AIM OF THE EXERCISE |
Copy exactly the lines of the records below, and only those lines, beginning with the line that contains "La présidenta moldave" and ending with the line that contains "最後１セット／１番シンプルな".

SUPPLIED MATERIAL |
########

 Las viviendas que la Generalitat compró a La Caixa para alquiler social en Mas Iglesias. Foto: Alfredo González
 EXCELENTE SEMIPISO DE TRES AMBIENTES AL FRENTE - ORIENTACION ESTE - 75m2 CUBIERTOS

########

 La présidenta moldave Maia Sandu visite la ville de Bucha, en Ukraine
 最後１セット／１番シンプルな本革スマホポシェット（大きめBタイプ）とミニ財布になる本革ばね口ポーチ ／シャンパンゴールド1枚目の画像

########

OUTPUT OF THE EXERCISE |
 La présidenta moldave Maia Sandu visite la ville de Bucha, en Ukraine
 最後１セット／１番シンプルな本革スマホポシェット（大きめBタイプ）とミニ財布になる本革ばね口ポーチ ／シャンパンゴールド1枚目の画像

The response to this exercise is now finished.